• How to complete this task: Every line below from the one with "Before you begin, remove" through the one with "I am blown away" should be retyped exactly, both ends included; no other lines and no pictures.

##### Data section #####

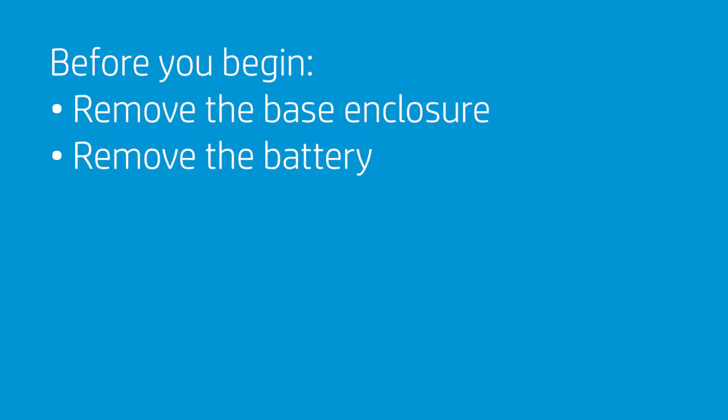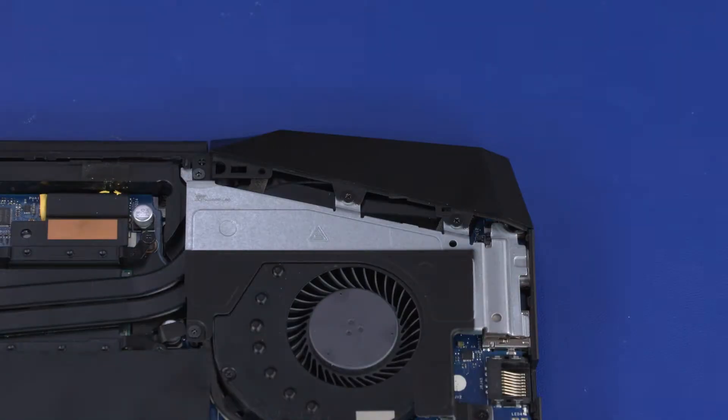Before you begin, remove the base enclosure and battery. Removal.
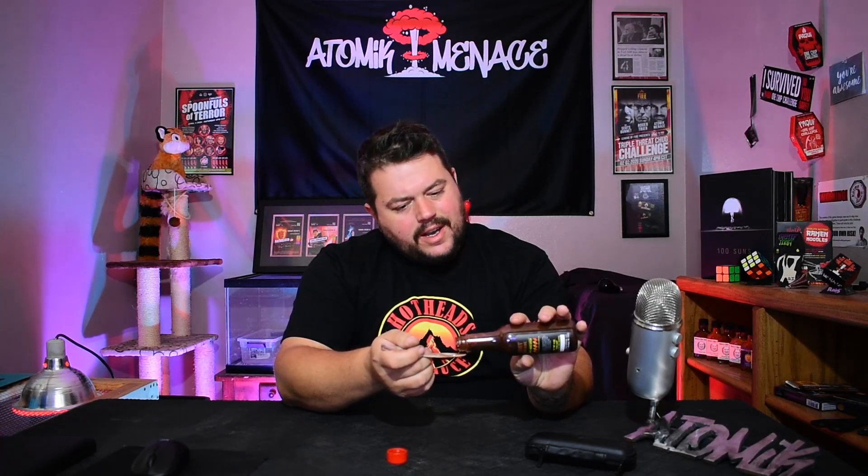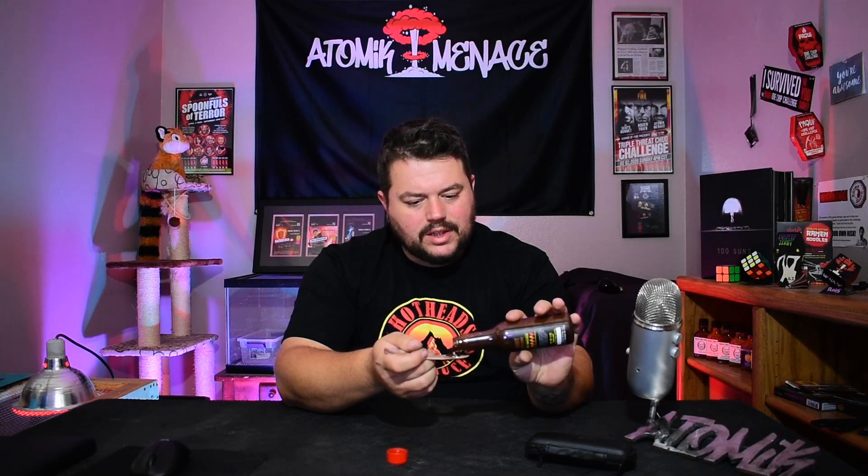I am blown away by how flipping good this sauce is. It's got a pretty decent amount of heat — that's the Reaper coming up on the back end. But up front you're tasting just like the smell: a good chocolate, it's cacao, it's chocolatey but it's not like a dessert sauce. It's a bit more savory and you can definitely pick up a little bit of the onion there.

#####
##### Data section #####

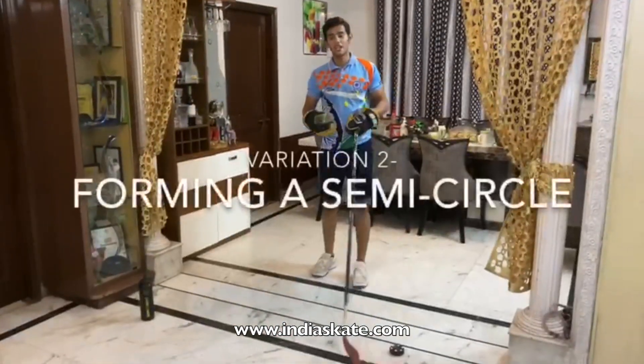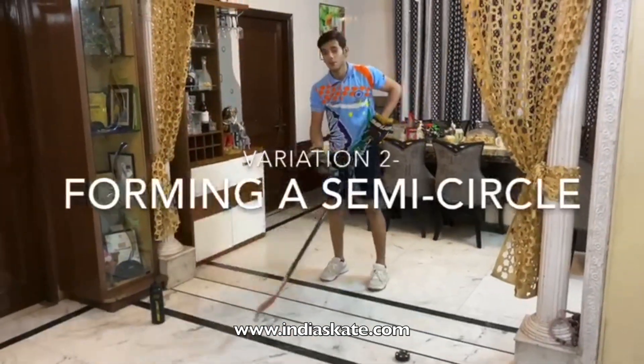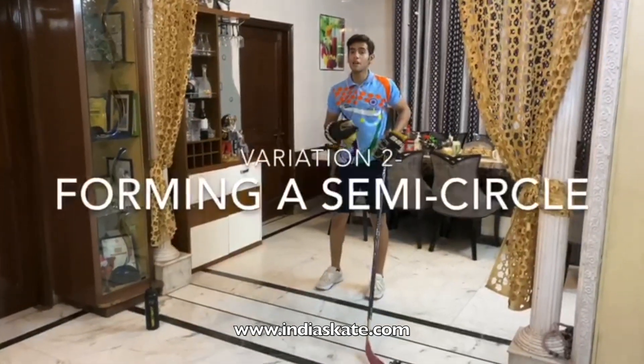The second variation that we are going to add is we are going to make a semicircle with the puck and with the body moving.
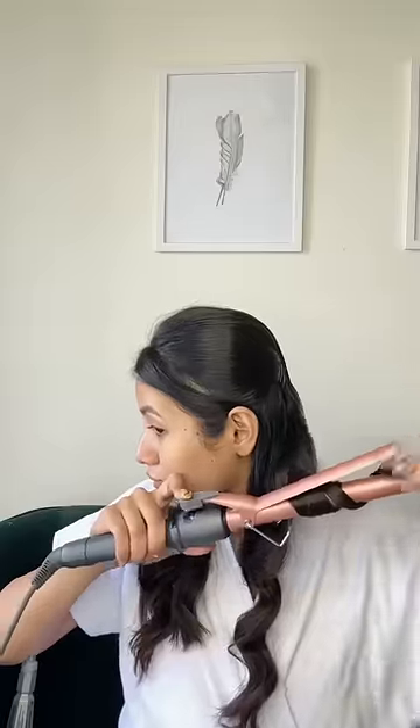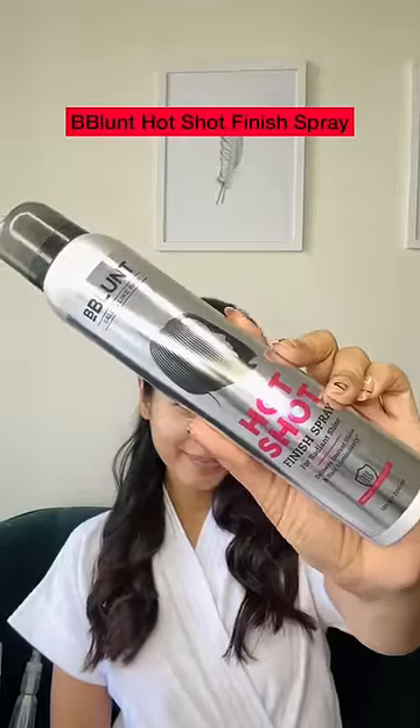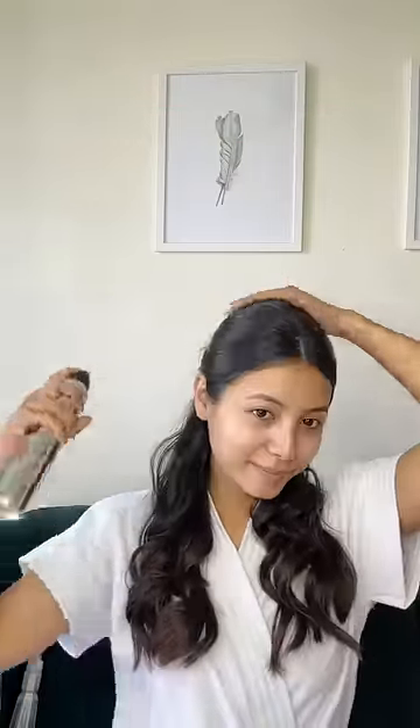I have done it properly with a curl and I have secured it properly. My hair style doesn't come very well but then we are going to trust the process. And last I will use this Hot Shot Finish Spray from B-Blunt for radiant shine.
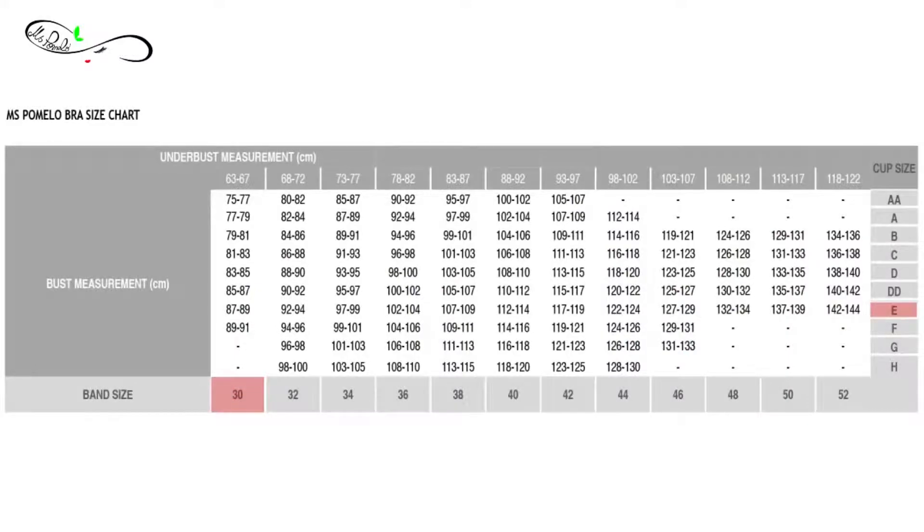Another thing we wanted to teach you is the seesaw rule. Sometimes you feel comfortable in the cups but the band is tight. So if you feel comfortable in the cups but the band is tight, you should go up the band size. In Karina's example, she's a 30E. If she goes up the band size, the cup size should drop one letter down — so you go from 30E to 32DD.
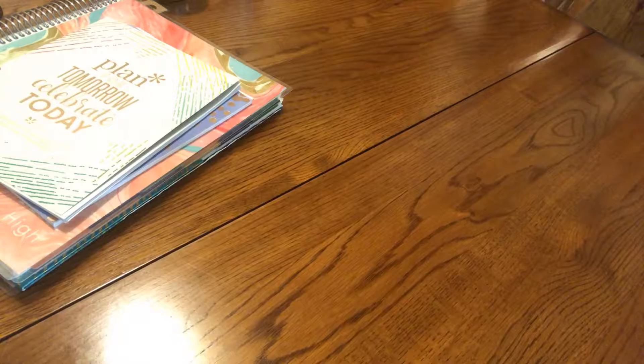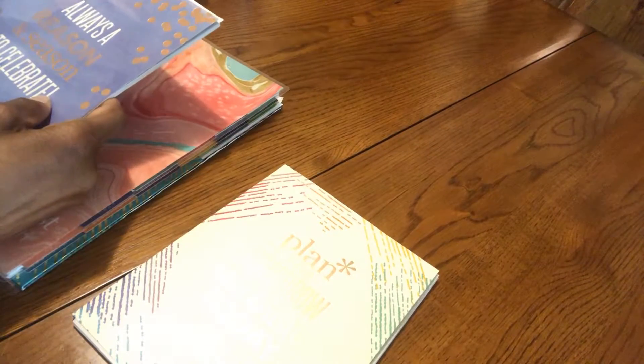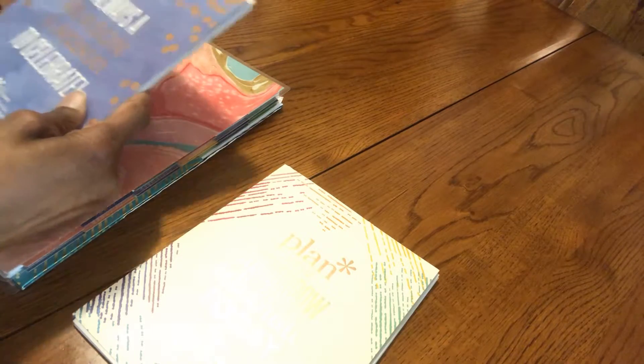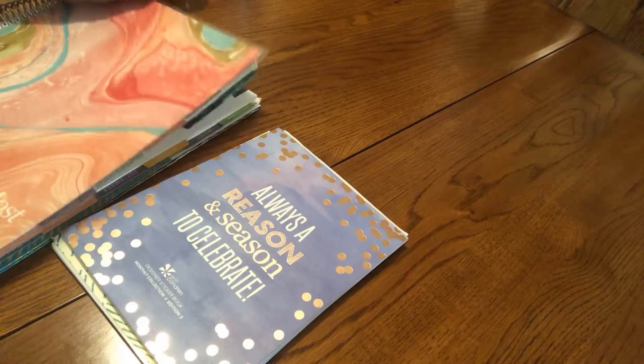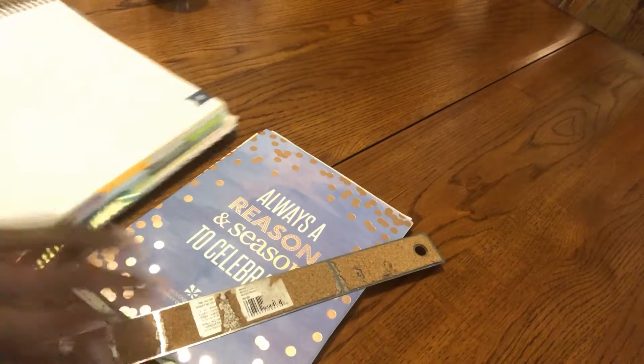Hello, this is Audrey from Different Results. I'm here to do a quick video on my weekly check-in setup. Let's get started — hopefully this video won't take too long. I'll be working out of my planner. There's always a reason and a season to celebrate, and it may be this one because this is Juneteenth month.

#####

• Answer for the task:
Before you begin, remove the base enclosure and battery. Removal.
I am blown away by how flipping good this sauce is. It's got a pretty decent amount of heat — that's the Reaper coming up on the back end. But up front you're tasting just like the smell: a good chocolate, it's cacao, it's chocolatey but it's not like a dessert sauce. It's a bit more savory and you can definitely pick up a little bit of the onion there.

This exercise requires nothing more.